TASK REQUIREMENTS. Within the lines below, the span from the line with "掛け時計 アナログ 木製" to the line with "A stylized nightscape", both ends included, is to be reproduced exactly, with pictures omitted.

THE DATA.
****************************************
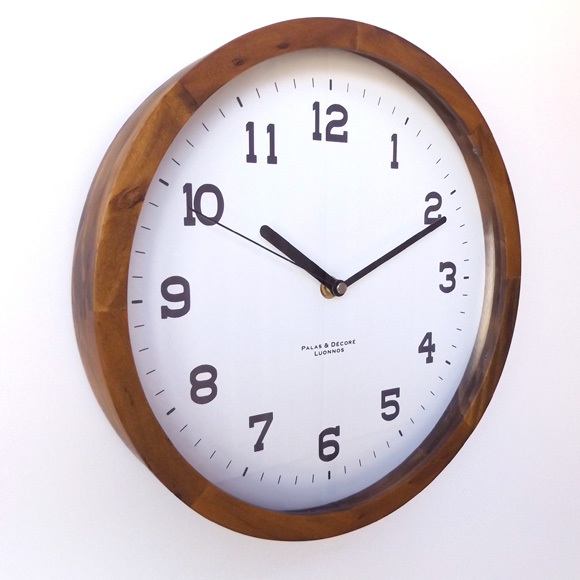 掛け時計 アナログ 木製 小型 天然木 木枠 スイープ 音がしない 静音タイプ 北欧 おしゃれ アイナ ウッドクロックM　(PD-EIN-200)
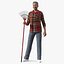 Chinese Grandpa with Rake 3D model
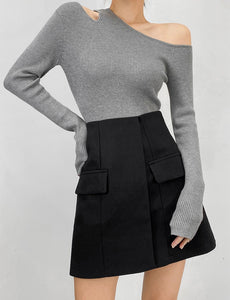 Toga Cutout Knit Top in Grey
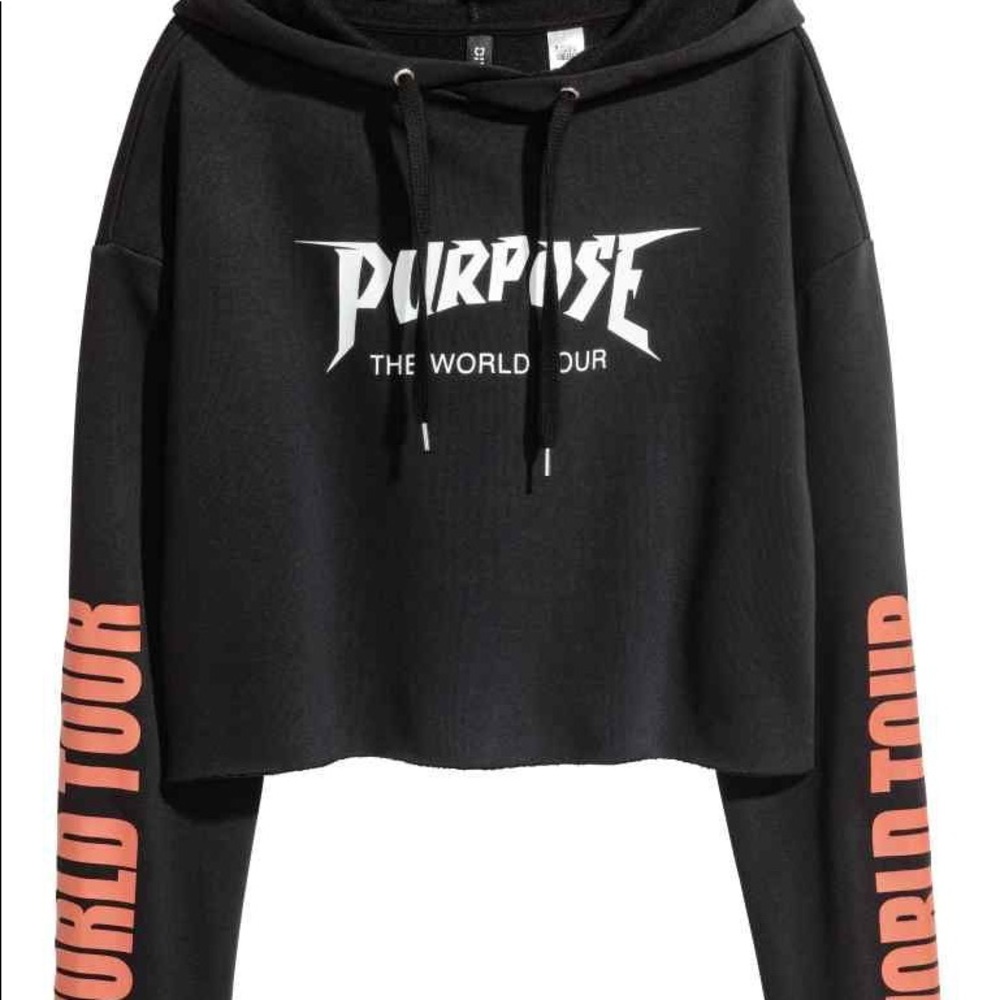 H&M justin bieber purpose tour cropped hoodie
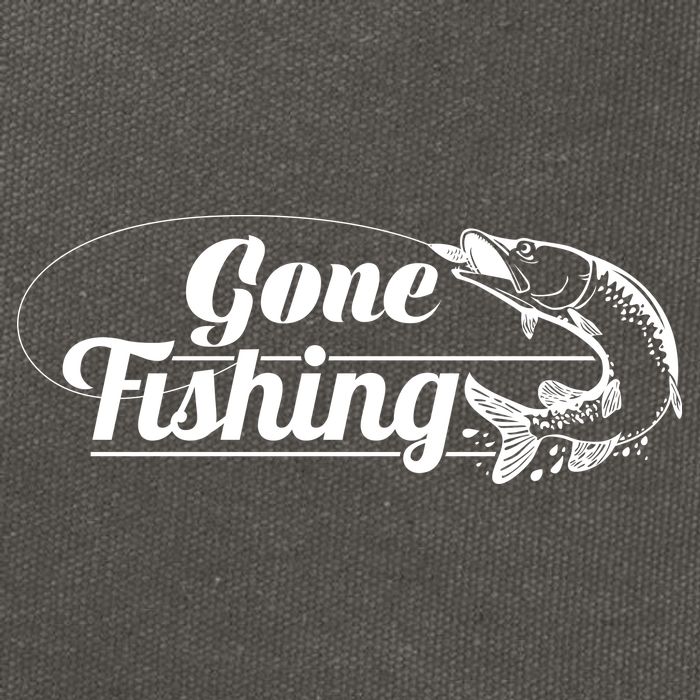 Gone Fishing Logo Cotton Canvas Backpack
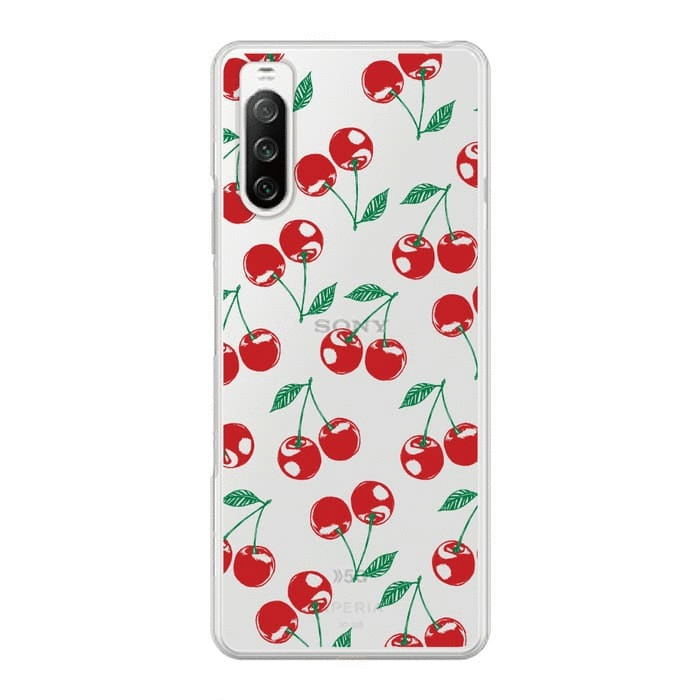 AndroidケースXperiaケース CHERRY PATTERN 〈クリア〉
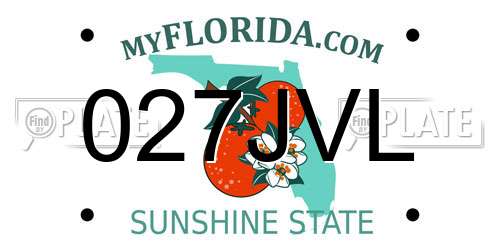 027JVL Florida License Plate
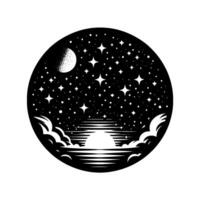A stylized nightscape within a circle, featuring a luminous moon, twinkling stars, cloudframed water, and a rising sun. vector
****************************************
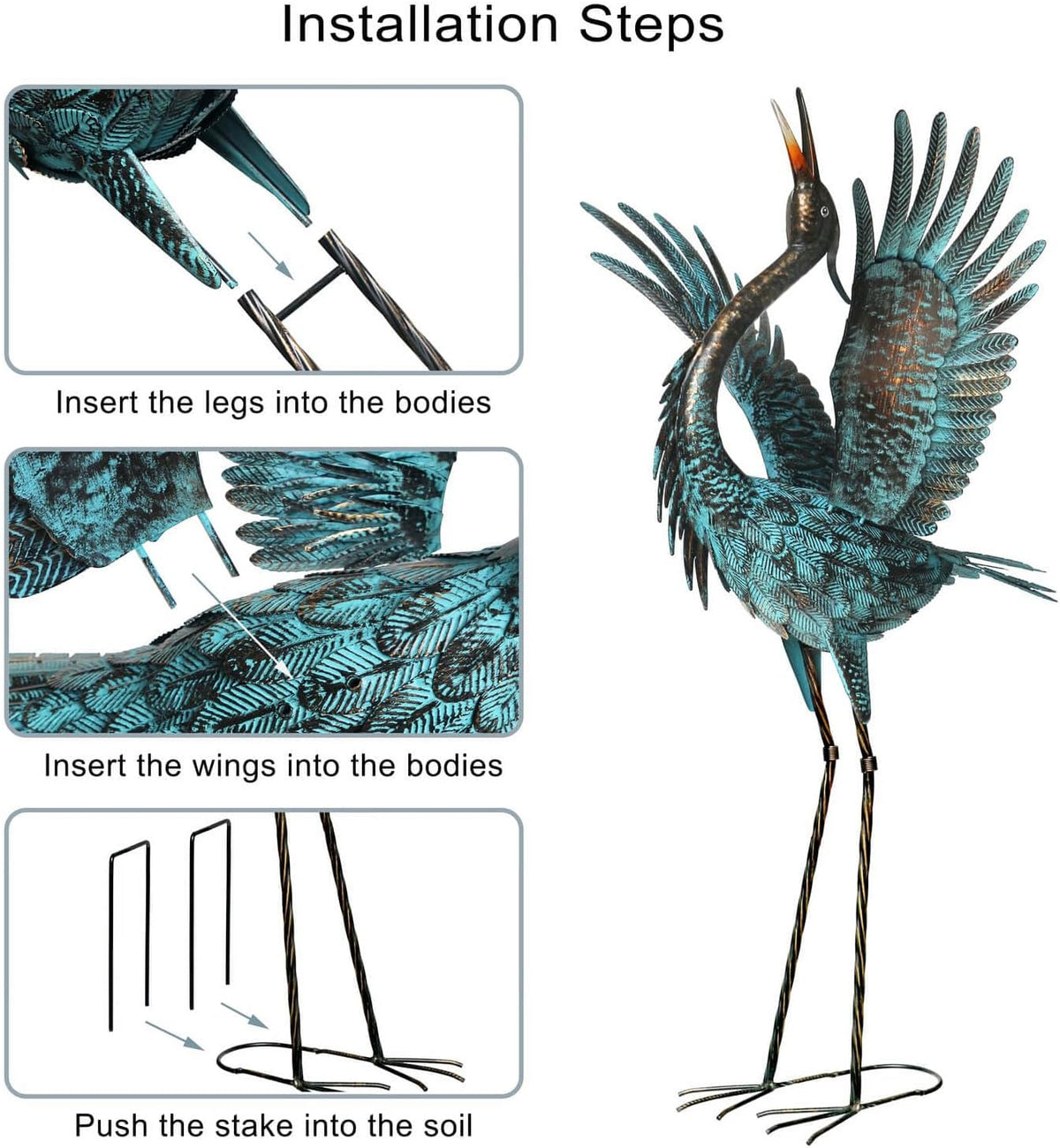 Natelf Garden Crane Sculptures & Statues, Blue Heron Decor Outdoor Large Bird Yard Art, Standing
****************************************
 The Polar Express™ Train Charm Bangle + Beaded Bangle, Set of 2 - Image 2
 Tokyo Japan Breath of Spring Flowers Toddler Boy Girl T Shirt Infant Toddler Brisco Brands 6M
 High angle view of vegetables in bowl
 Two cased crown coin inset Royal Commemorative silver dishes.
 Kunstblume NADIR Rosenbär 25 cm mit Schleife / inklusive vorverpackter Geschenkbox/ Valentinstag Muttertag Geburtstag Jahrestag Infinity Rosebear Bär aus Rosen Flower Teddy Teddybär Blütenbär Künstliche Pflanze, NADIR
****************************************
COMPLETED TASK.
 掛け時計 アナログ 木製 小型 天然木 木枠 スイープ 音がしない 静音タイプ 北欧 おしゃれ アイナ ウッドクロックM　(PD-EIN-200)
 Chinese Grandpa with Rake 3D model
 Toga Cutout Knit Top in Grey
 H&M justin bieber purpose tour cropped hoodie
 Gone Fishing Logo Cotton Canvas Backpack
 AndroidケースXperiaケース CHERRY PATTERN 〈クリア〉
 027JVL Florida License Plate
A stylized nightscape within a circle, featuring a luminous moon, twinkling stars, cloudframed water, and a rising sun. vector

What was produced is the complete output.